Following SunGroup's purchase of the station, the company had surveyed the market and found that there was a demand for urban music. In March 1987, the company appointed Bill Thomas as operations manager and program director. While the format had leaned toward urban music from the start, it still featured some album rock crossovers. KKSS had struggled in the ratings during its first year on air, battling two other mainstream top 40 stations in the area, while public radio station KANW was playing mostly urban music at the time. Thomas had committed to evolving the format to make it stand out from its competitors, while also making it work in the largely Hispanic market. This would be done featuring more dance music and less R&B ballads, while still bordering on CHR in some dayparts. Thomas predicted that the format "is going to continue to erode CHR as we know it, and will continue to grow". The effort would succeed as KKSS would become the leading CHR in the area by late 1987, often ranking highest among teens and young adults. By early 1990, after competing CHR KNMQ flipped to country, KKSS saw its shares more than double, ranking it at #3 overall. It also would continue to do well throughout the 1990s with the emergence of hip-hop music.

In 1998, SunGroup had planned to sell KKSS for $6 million to Trumper Communications, which owned the 94.1, 100.3, 104.1 and 107.9 signals in the market. However, Trumper later withdrew from the deal; instead, KKSS was sold to the Simmons Media Group for $5.5 million in November 1998. While it mostly had a rhythmic contemporary sound, KKSS had detoured to mainstream Top 40 a few times, mostly when new competition came to the Albuquerque market (most of them short-lived).

In 2001, KKSS again shifted toward mainstream Top 40. In late 2002, after Univision bought the station, the station shifted back to its current Rhythmic Contemporary direction. Today, KKSS has managed to do well with its mix of R&B-hip hop and rhythmic pop product, despite competition from mainstream Top 40 rival KOBQ.

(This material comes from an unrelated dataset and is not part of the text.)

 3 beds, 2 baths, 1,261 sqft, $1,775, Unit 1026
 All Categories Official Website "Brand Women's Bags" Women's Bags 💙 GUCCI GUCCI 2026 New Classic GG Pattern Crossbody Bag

On April 4, 2014, three KKSS air staffers, including program director and midday host DJ Lopez, Johnny V, and MQ, had left the station to join KAGM. (The three were later let go in December 2015 when KAGM revamped its direction.) Former KJFA personality Julian Robles also left, moving to KLVO. This all came amidst restructuring at Univision Radio, which then had KKSS sharing on-air personalities and programming with sister station KBBT in San Antonio, Texas. KKSS would return to mostly local programming after it was sold in 2017.

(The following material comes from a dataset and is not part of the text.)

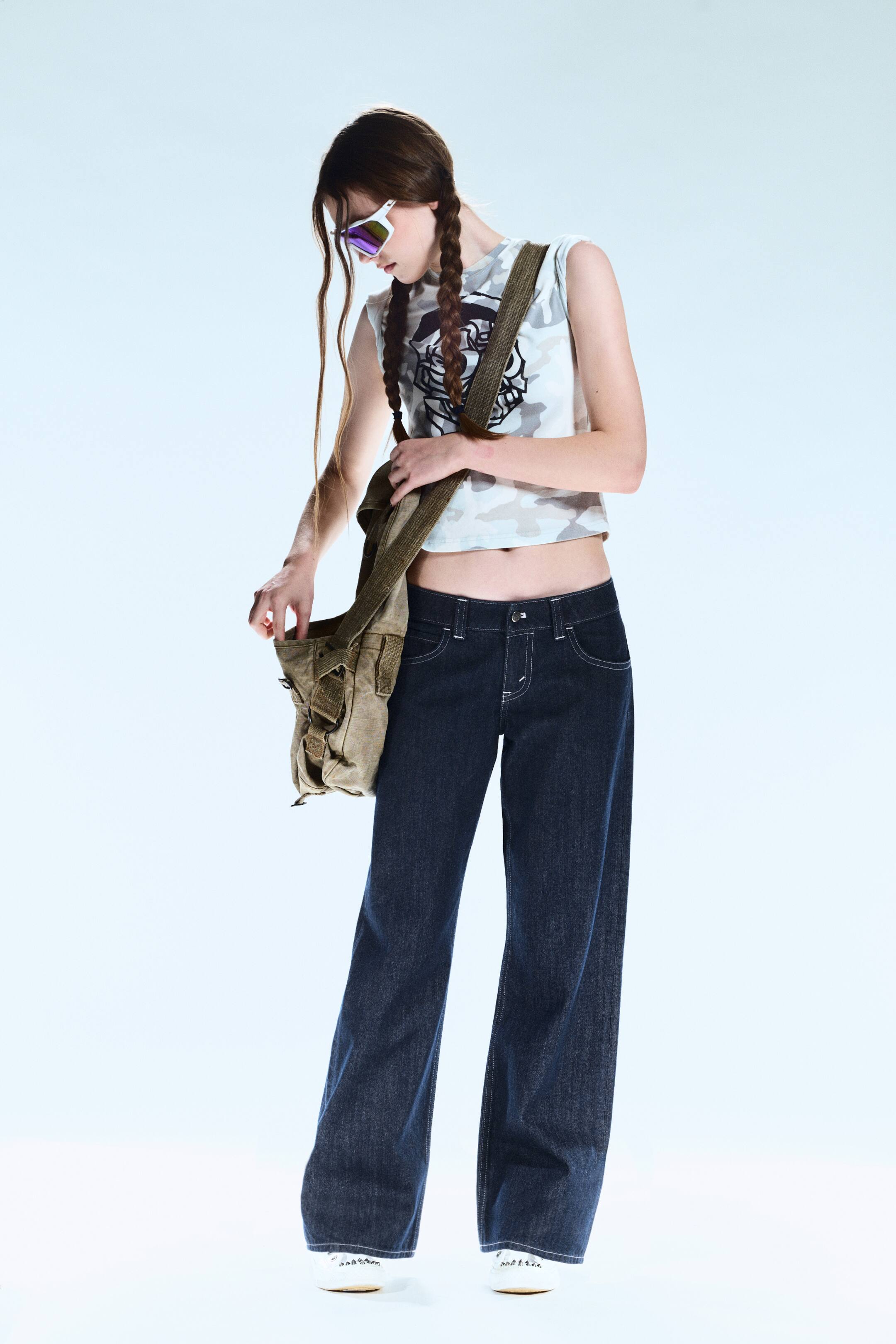 Agrandir l'image: Messy Low Rise Regular Straight Jeans - Blue Rinse – Bleu foncé - FEMME | H&M BE 1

On June 14, 2017, Univision announced that it would sell KKSS (as well as sister stations KIOT and KKRG-FM) to American General Media, which had attempted repeatedly to challenge KKSS over the years. AGM paid $5 million for the Univision cluster that its predecessor paid $22.5 million for in 2002 (which also included KQTM), showing a significant drop in value over 15 years. The sale was approved by the FCC on August 23, 2017, and was consummated on September 1, 2017.

==Current staff==
- The Gina Lee Fuentez Show with Ando & Buck D (6am-10am Mornings)
- The Dana Cortez Show (10am-2pm syndicated in afternoon)
- DJ Animal "The Street King of the 505!" (2pm-7pm Afternoons)
- 5 O’Clock Traffic Jam (5pm-6pm)
- Club Kiss (Friday Night 9pm-1am)

Weekends:
- Comedian Robert "Buck D" Gipson (Saturday at 10am-4pm & Sunday at 12-5pm)
- Kiss Mix (Saturday Night)
- Slowjams with R. Dub (Sunday Night)

==Former staff==
Mornings: Cadillac Jack, Chaz Malibu (now at KABG), Brandon Scott

Middays/Mornings: Brandon Scott

Middays: Randy Savage

Middays: DJ Lopez (until April 2014)

Afternoons: Johnny V (until April 2014)

Afternoons: JJ Morgan

Afternoons: Kumbia Show (Until March 2016)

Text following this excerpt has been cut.